Data supplied.
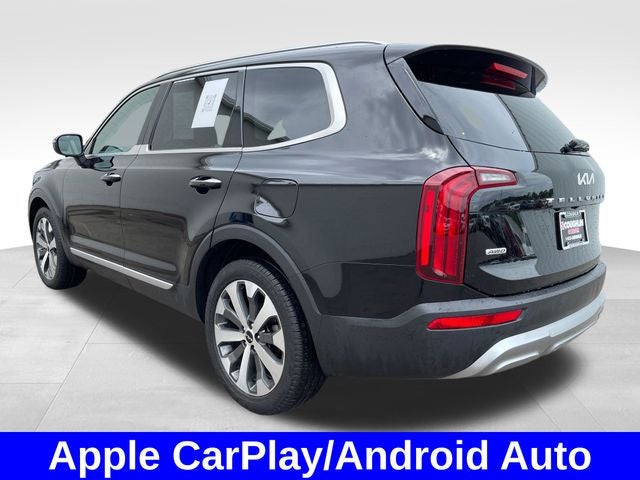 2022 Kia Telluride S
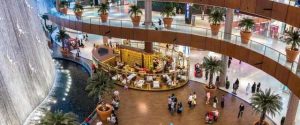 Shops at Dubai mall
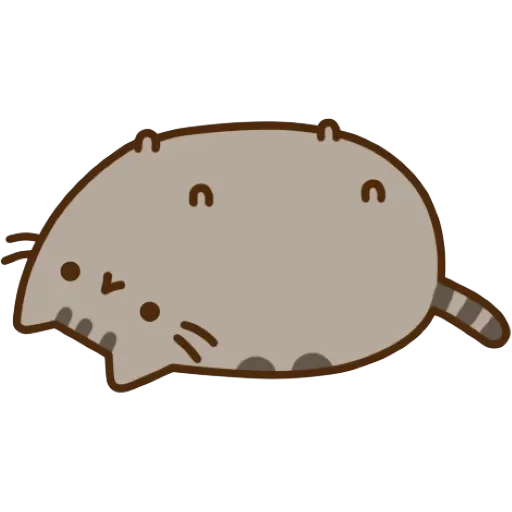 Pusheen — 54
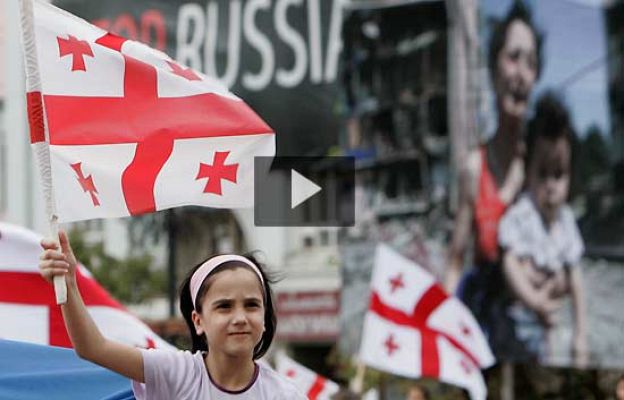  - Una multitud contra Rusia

--

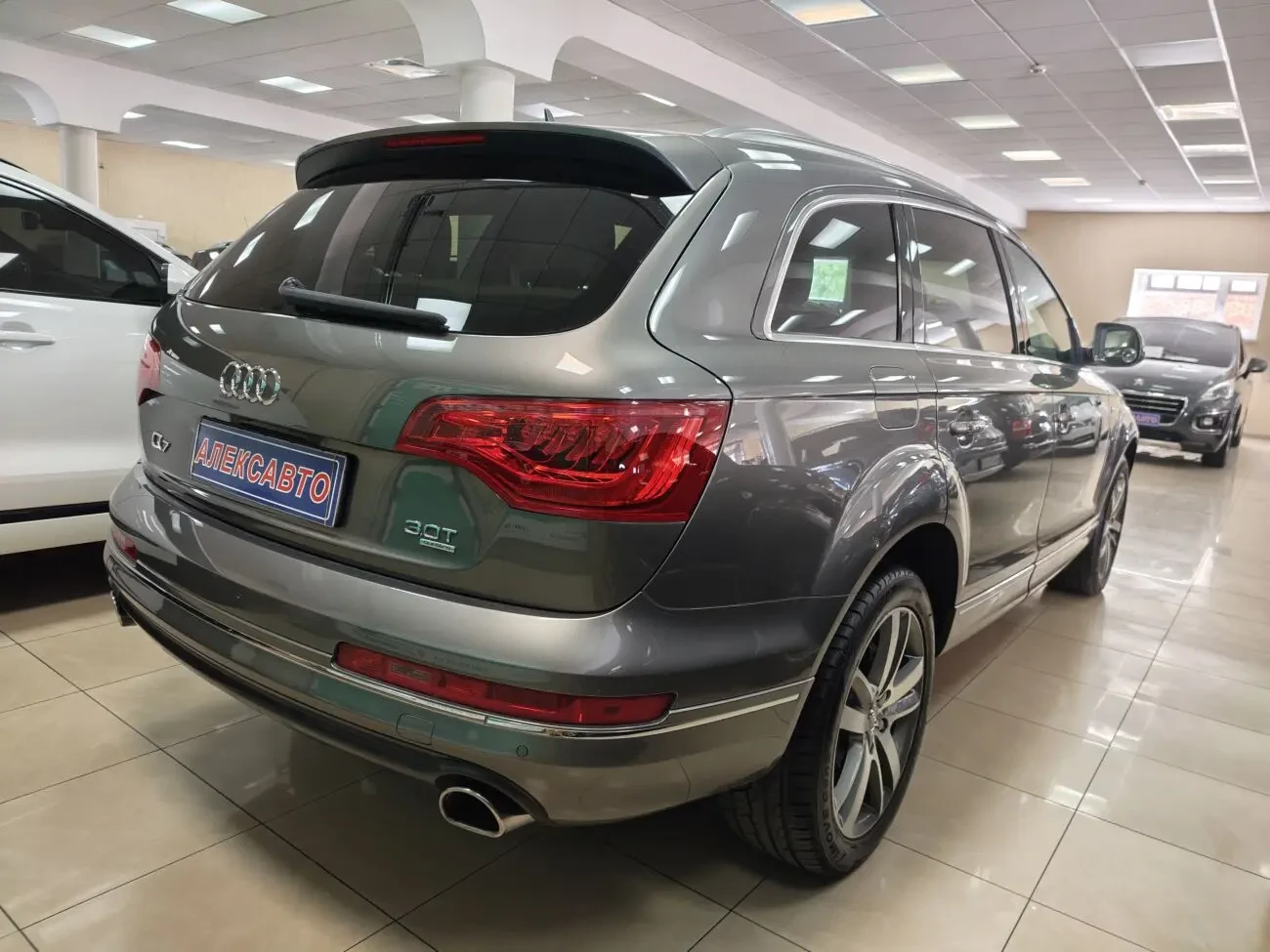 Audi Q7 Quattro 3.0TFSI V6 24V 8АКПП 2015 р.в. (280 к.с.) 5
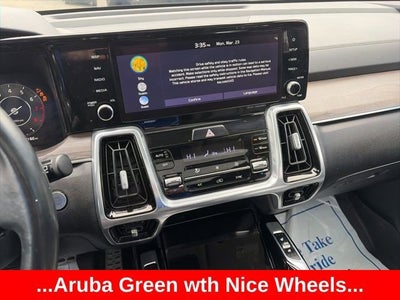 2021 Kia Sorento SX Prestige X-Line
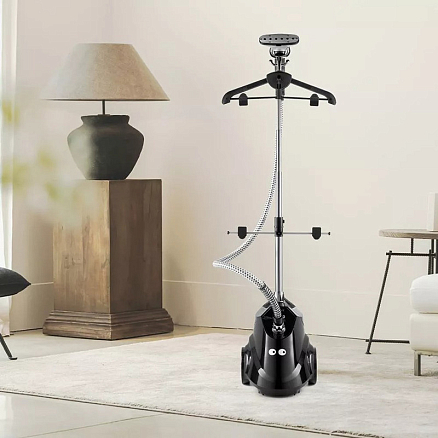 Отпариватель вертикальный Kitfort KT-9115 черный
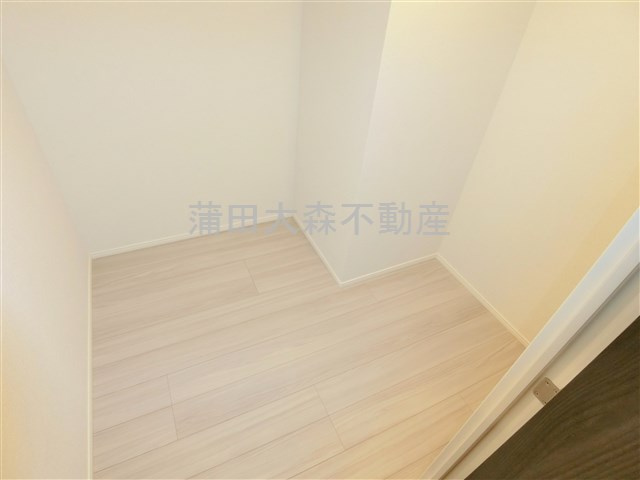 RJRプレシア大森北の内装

--

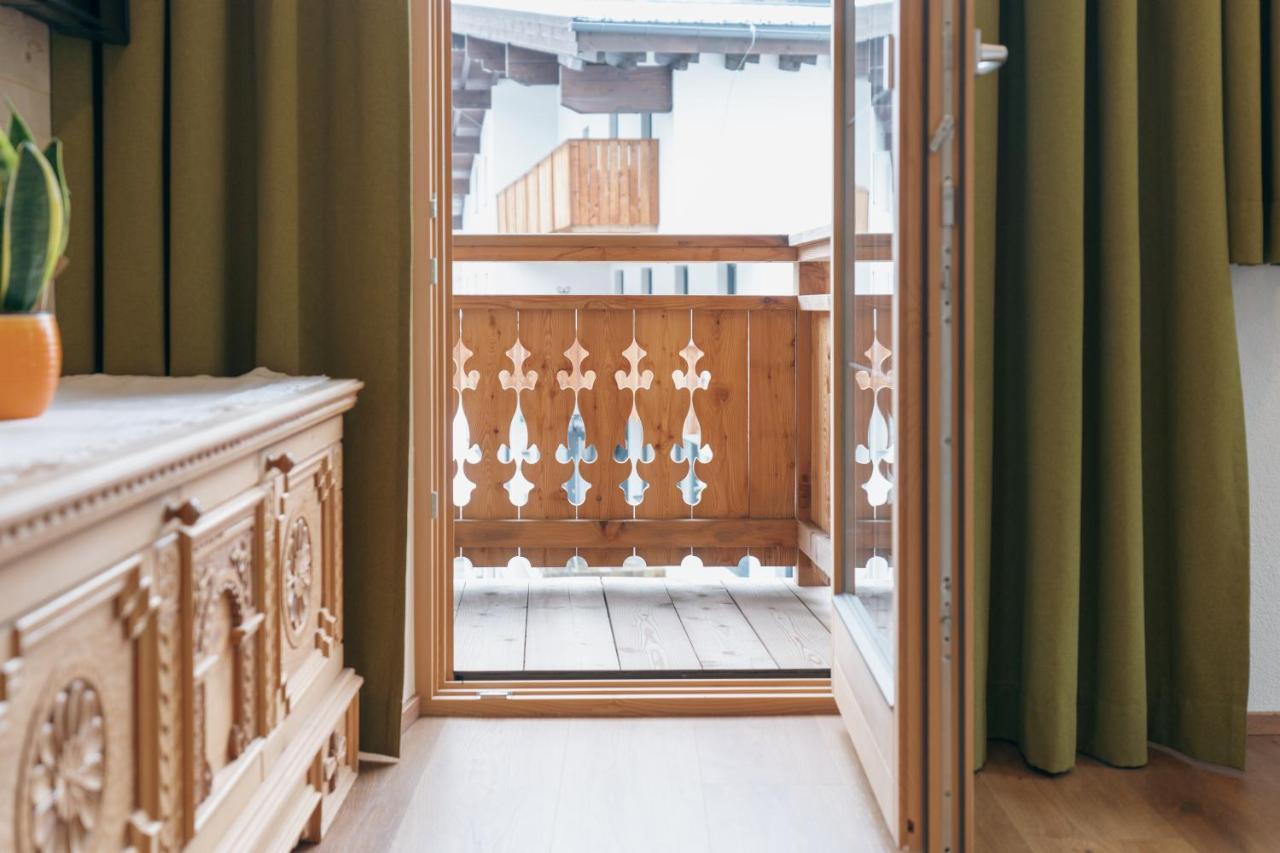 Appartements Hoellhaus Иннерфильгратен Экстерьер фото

Task directions.
Within the listing above, the stretch from the line with "2022 Kia Telluride S" down to the line with "- Una multitud contra Rusia" is to be given again exactly, end lines included and pictures excluded.

Your response.
 2022 Kia Telluride S
 Shops at Dubai mall
 Pusheen — 54
  - Una multitud contra Rusia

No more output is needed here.